I understand it alright, but I'm trapped. Closer to 50 than to 40, I've got a family to run. I could be interested in another profession, but our daily lives & savings would tank if I stopped working, for learning another profession. Also, there's no other profession that I could realistically learn that would let me take nearly the same amount of money home every month. If someone lives alone, they could adjust their standard of living (-> downwards, of course); how do you do that for a family?

Furthermore, there is no switchover between "soulless software job for $$$" and "inspiring software job for $". There are only soulless jobs, only the $ varies. Work sucks absolutely everywhere; the only variable is compensation -- at best we can get one that "sucks less".

When I was a teenager, I could have never dreamt that programming would devolve into such a cruel daily grind for me. Mid-life crisis does change how we look at things, doesn't it. We want more meaning to our work (society has extremely decoupled livelihood from meaning), but there's just no way out. Responsibilities, real or imaginary, keep us trapped. I'd love to reboot my professional life, but the risks are extreme.

FWIW, I still appreciate interesting tasks at work; diving into the details lets me forget, at least for a while, how meaningless it all is.

The current generation of Americans are absolutely rich enough to just get food and have shelter. The ones that struggle are the ones that want to live in popular cities precisely because of the available improvements beyond shelter and food.

The houses of the 50s were shit tier and spread around the entire US. You can go buy them today for cheap in the 98% of locations people don’t want to live in.

> I would work for myself, following my own philosophy.

Sounds like he understood it just fine. He owns the means of production.
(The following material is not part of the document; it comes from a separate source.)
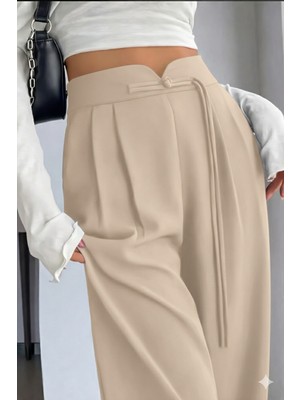 Hazel Kadın Taş Arkası Lastikli Ip Bağlama Detaylı Yüksek Bel Palazzo Pantolon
He only works for himself only if he gets a steady income stream so long as the systems he manages stay up, which I'm sure he doesn't.

There is a reason for the "you will own nothing and you will be happy" ideology being promoted by "PTB", ie subscriptions for ink cartridges, heated seats and advanced suspensions in newer cars.

Corporations now want a continuous income stream from the services provide by physical products they have "sold", but they don't want their employees and subcontractors from earning some of that income stream.

Some IT administrators have been know to schedule regular "downtimes" on perfectly performing systems just to ensure their users and bosses don't take their service for granted.

I have kind of scratched my head a bit as to why our local VM provider has all these scheduled downtimes.. while the servers we run in-house have those maybe once or twice a year, at most. Hm..
> why our local VM provider has all these scheduled downtimes

Generally (but not exclusively) this is because they have more complex infrastructure, a larger number of customers, and a contractual commitment to give advance notice of outages when possible.

It therefore makes sense to schedule downtime even if you don't need it (or even use it), so that customers can arrange their own expectations.

> There is a reason for the "you will own nothing and you will be happy" ideology being promoted by "PTB",

No one, and certainly not the "PTB", is promoting this idea.

It was a thought experiment in a book/TED talk that deeply offends a certain percentage of the populace, and is ignored by everyone else. It is nothing more than that.

It does not exist in any discussions outside the circles of those who are offended for profit, and those that listen to them.

Spare yourself (and us), and stop listening to them.